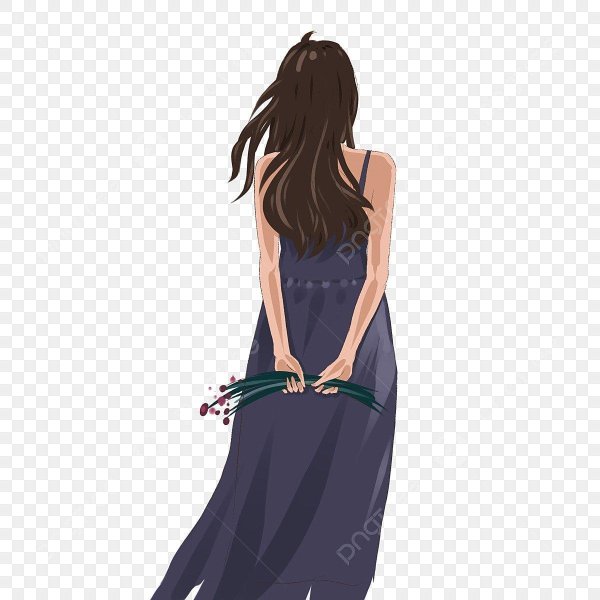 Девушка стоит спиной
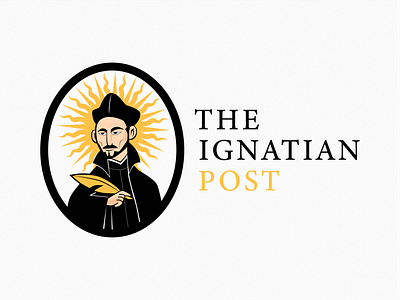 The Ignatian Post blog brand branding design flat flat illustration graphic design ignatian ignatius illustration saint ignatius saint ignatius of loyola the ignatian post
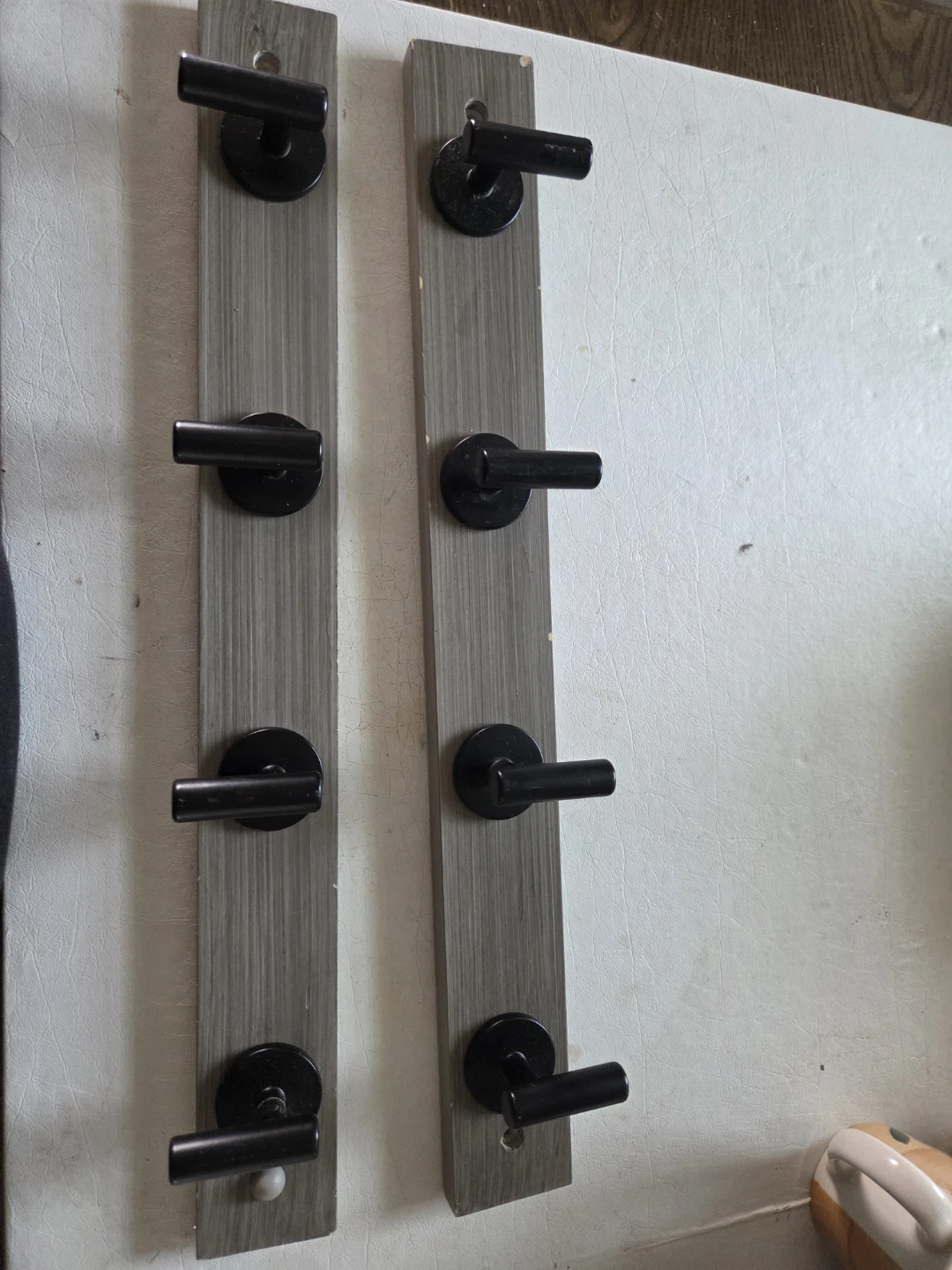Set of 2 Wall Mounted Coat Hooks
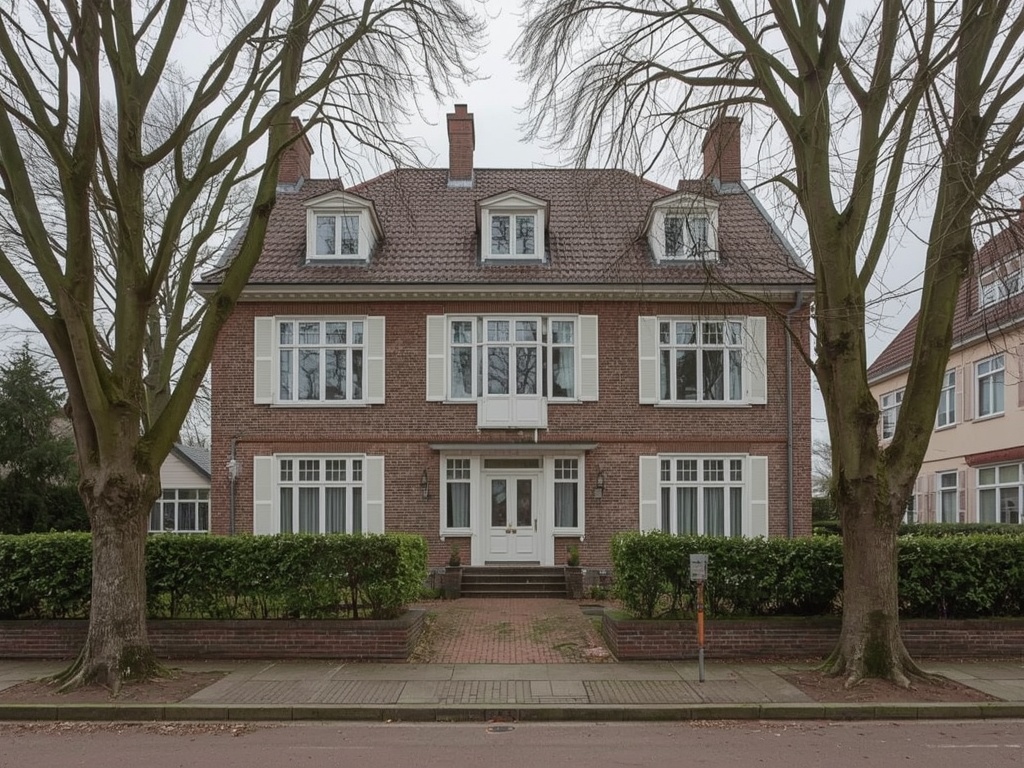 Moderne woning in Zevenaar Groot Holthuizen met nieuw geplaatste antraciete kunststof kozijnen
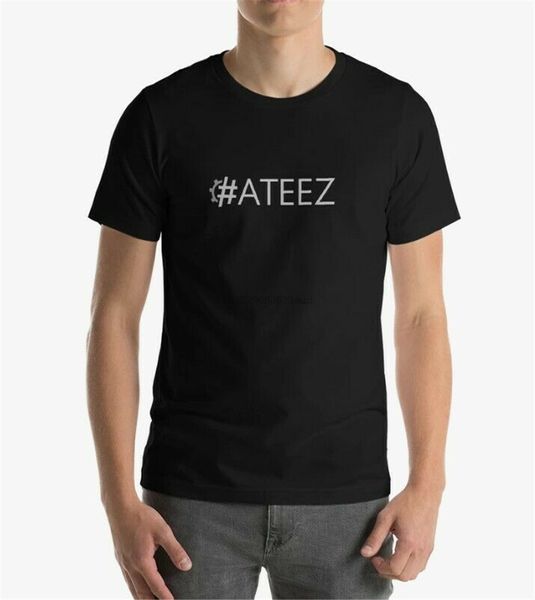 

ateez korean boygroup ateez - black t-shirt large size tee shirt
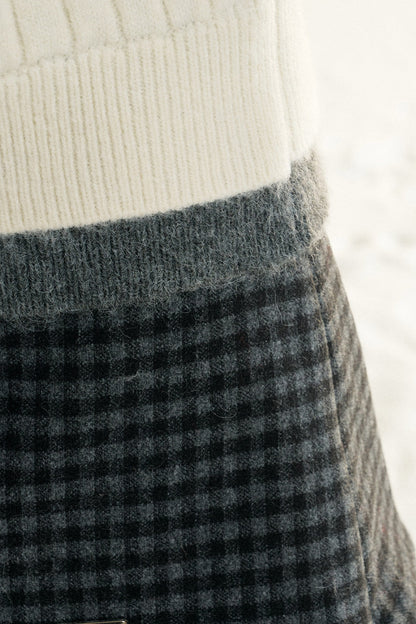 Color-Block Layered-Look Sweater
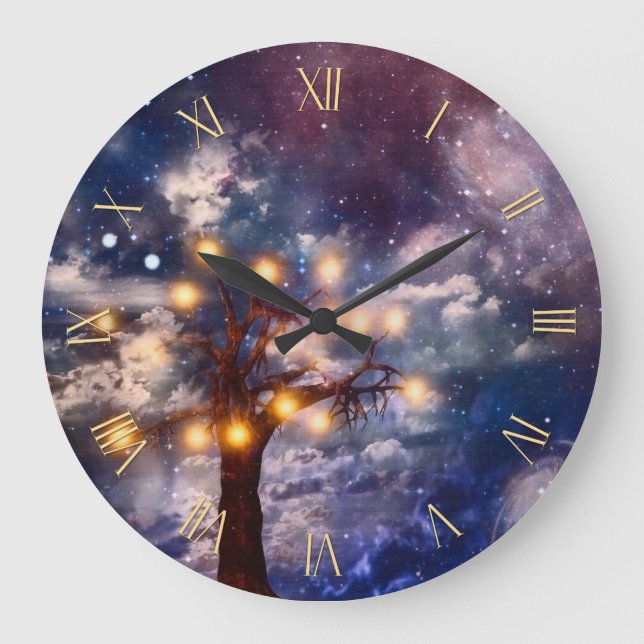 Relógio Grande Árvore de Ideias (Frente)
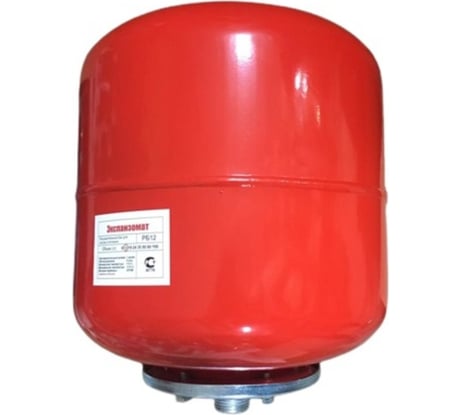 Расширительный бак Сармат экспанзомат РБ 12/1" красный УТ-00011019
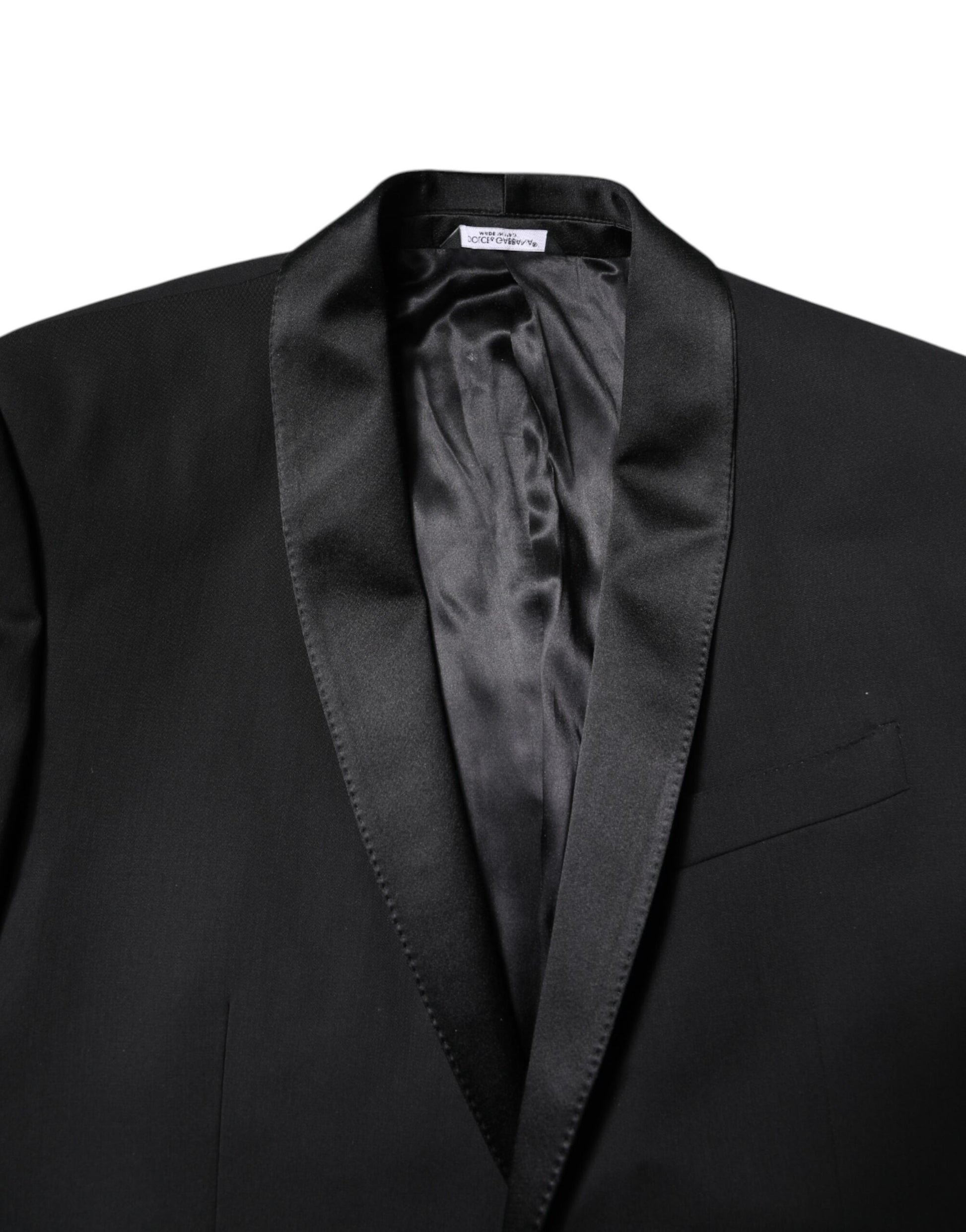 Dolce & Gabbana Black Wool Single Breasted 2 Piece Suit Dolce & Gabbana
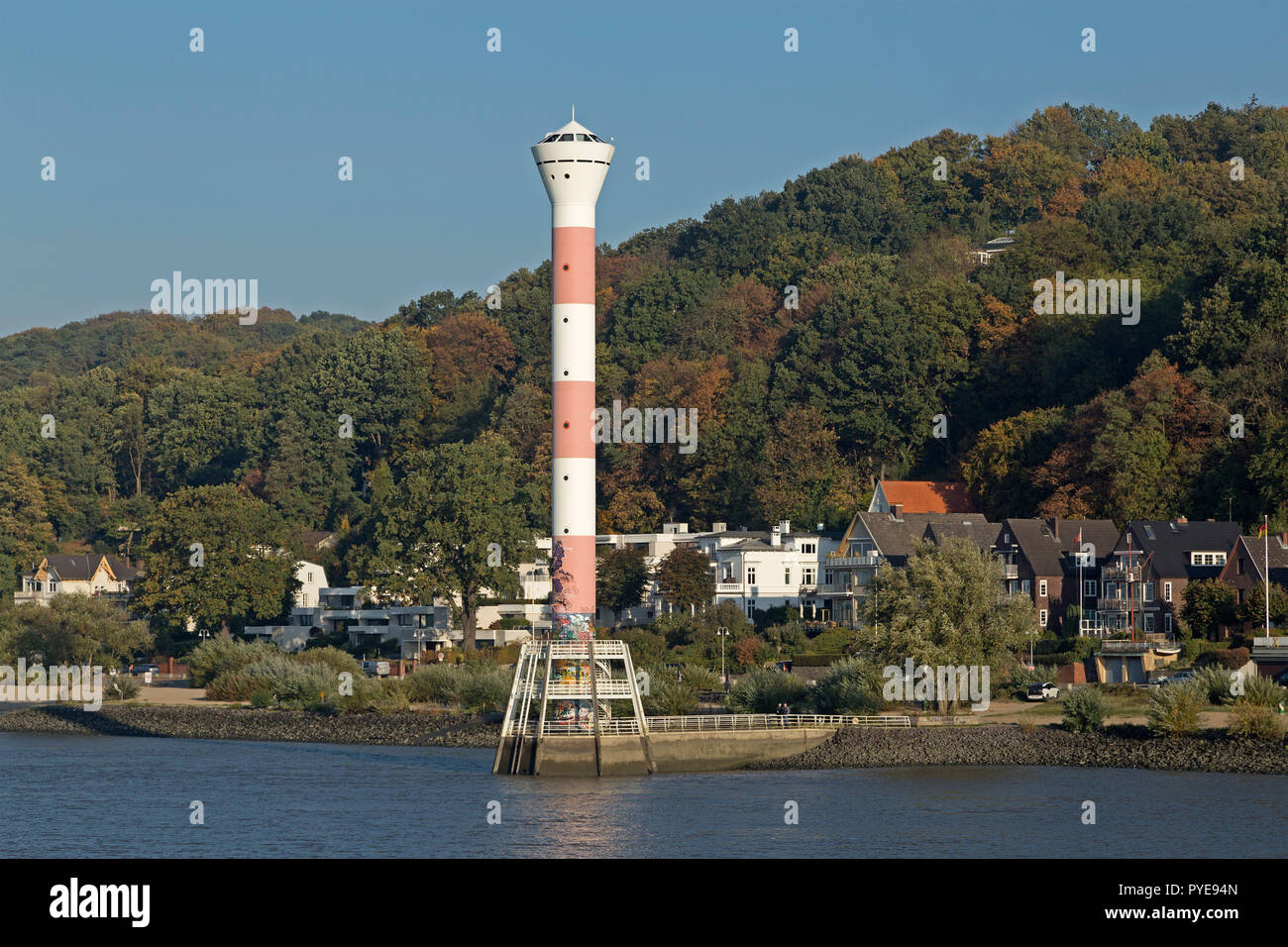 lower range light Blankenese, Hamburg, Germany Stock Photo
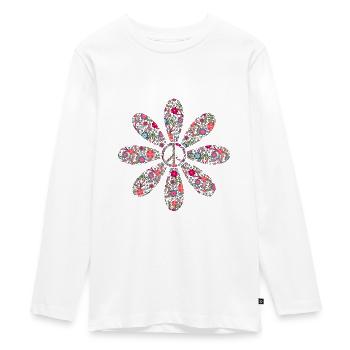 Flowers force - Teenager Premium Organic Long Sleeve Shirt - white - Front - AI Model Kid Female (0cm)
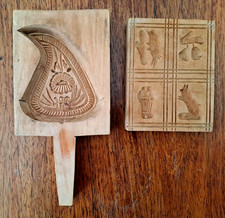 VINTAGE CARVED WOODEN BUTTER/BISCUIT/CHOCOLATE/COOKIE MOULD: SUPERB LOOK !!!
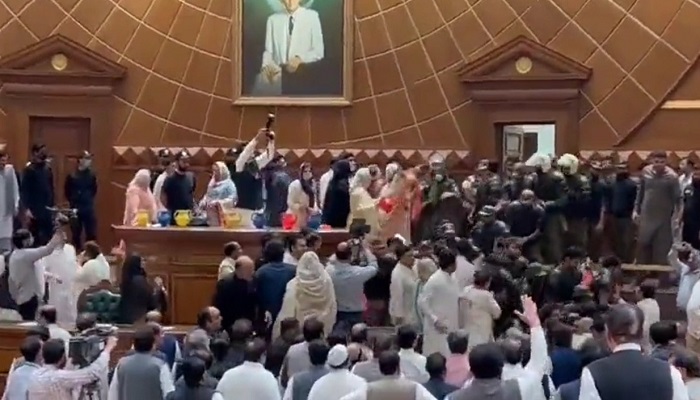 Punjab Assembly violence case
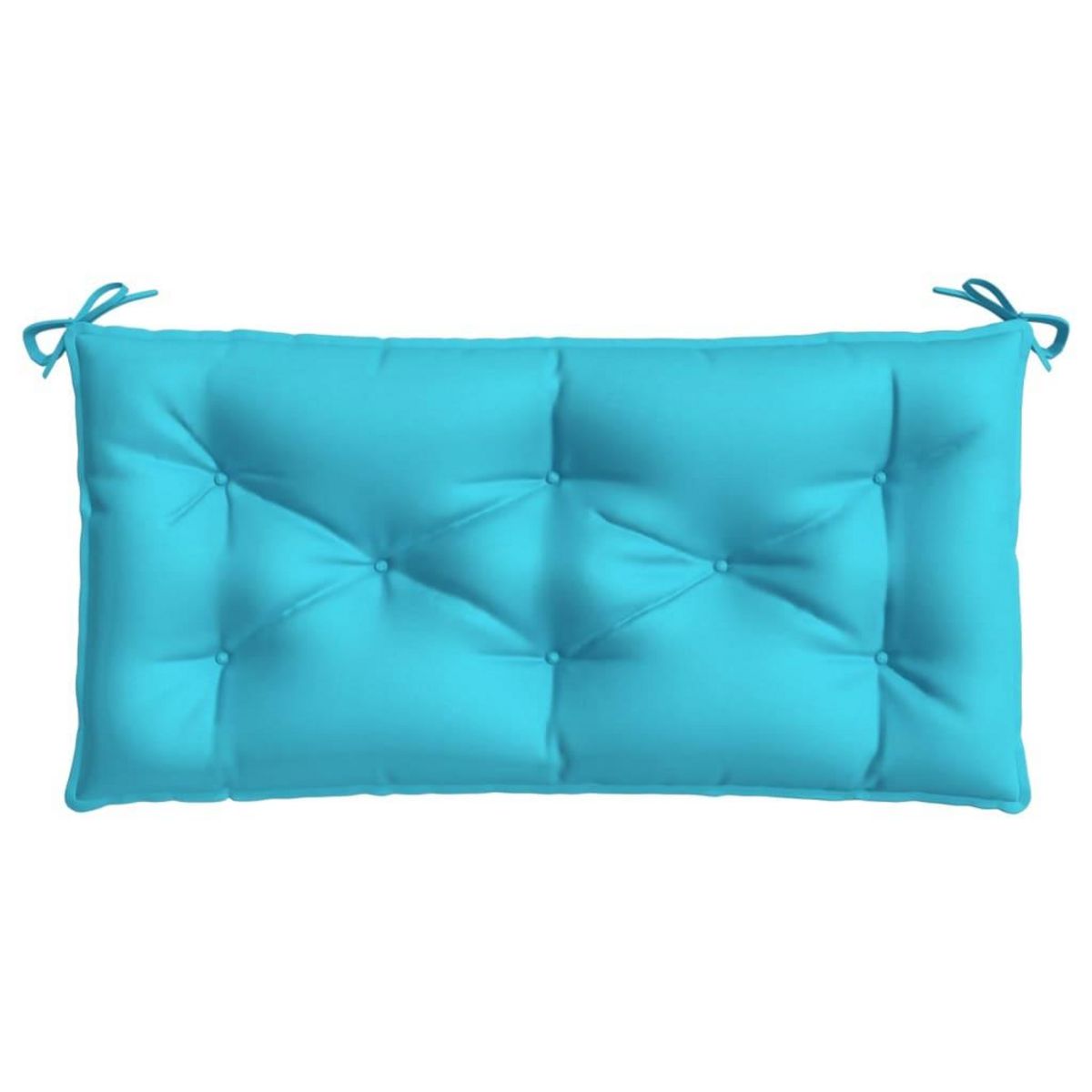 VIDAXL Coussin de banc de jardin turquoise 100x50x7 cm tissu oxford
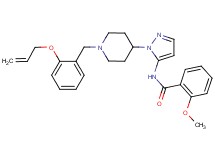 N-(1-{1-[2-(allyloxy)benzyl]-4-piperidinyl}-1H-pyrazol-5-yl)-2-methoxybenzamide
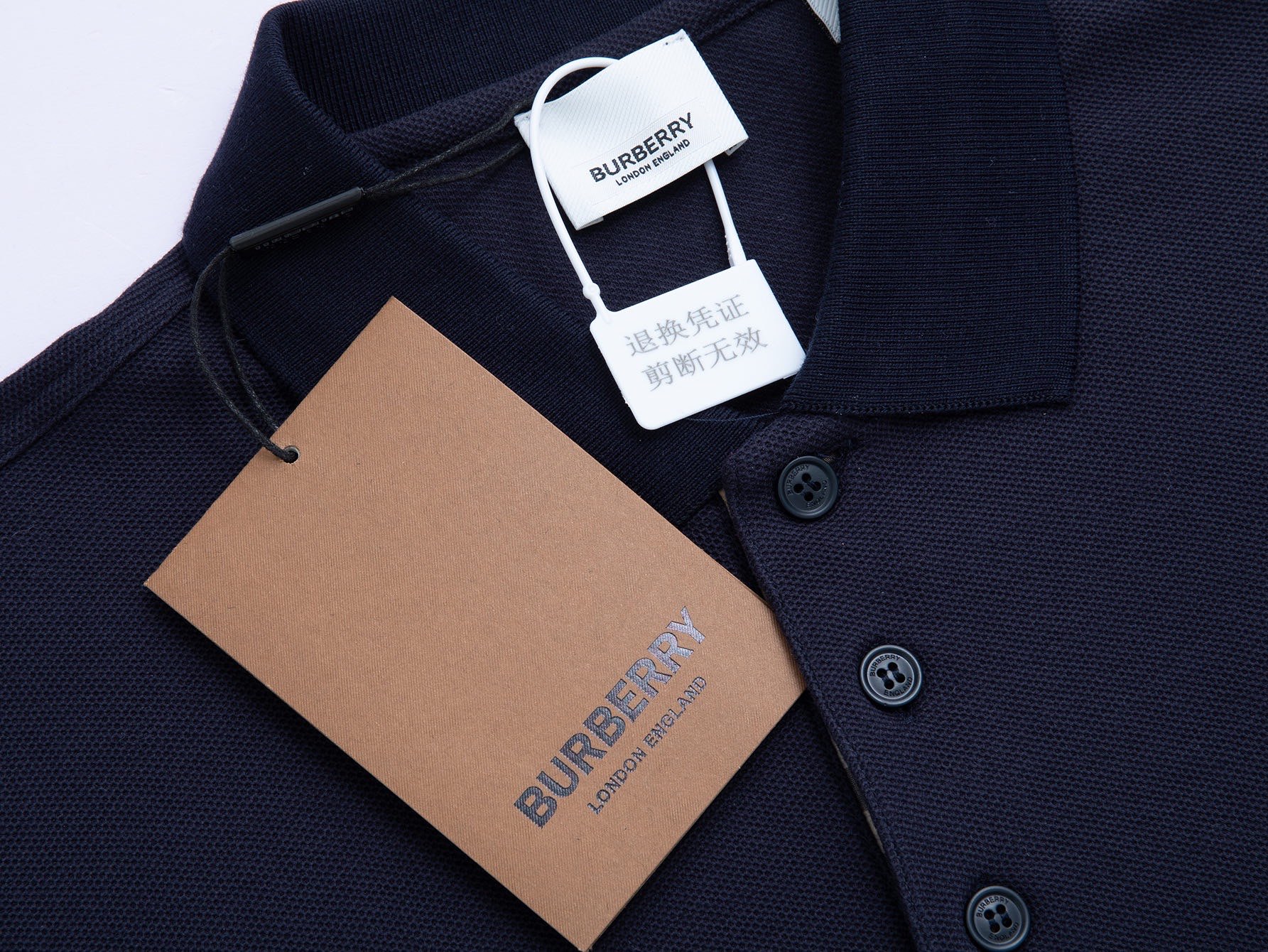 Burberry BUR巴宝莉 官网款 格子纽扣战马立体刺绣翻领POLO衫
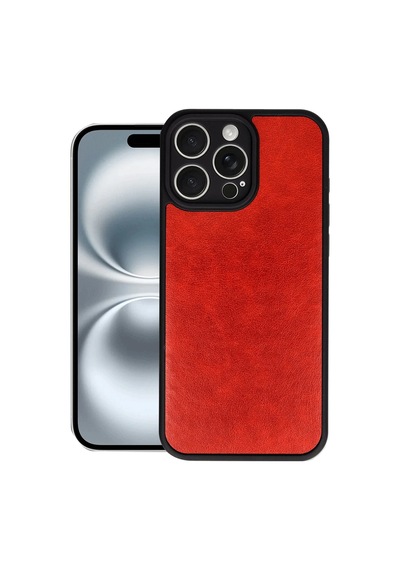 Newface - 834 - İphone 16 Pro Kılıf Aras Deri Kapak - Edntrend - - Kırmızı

········

### ACTIVITY
Exactly as they appear, print the lines of the listing above from its first line through the line that contains "Burberry BUR巴宝莉 官网款 格子纽扣战马立体刺绣翻领POLO衫", minus the pictures.

### EXERCISE OUTPUT
 Девушка стоит спиной
 The Ignatian Post blog brand branding design flat flat illustration graphic design ignatian ignatius illustration saint ignatius saint ignatius of loyola the ignatian post
Set of 2 Wall Mounted Coat Hooks
 Moderne woning in Zevenaar Groot Holthuizen met nieuw geplaatste antraciete kunststof kozijnen

ateez korean boygroup ateez - black t-shirt large size tee shirt
 Color-Block Layered-Look Sweater
 Relógio Grande Árvore de Ideias (Frente)
 Расширительный бак Сармат экспанзомат РБ 12/1" красный УТ-00011019
 Dolce & Gabbana Black Wool Single Breasted 2 Piece Suit Dolce & Gabbana
 lower range light Blankenese, Hamburg, Germany Stock Photo
 Flowers force - Teenager Premium Organic Long Sleeve Shirt - white - Front - AI Model Kid Female (0cm)
 VINTAGE CARVED WOODEN BUTTER/BISCUIT/CHOCOLATE/COOKIE MOULD: SUPERB LOOK !!!
 Punjab Assembly violence case
 VIDAXL Coussin de banc de jardin turquoise 100x50x7 cm tissu oxford
 N-(1-{1-[2-(allyloxy)benzyl]-4-piperidinyl}-1H-pyrazol-5-yl)-2-methoxybenzamide
 Burberry BUR巴宝莉 官网款 格子纽扣战马立体刺绣翻领POLO衫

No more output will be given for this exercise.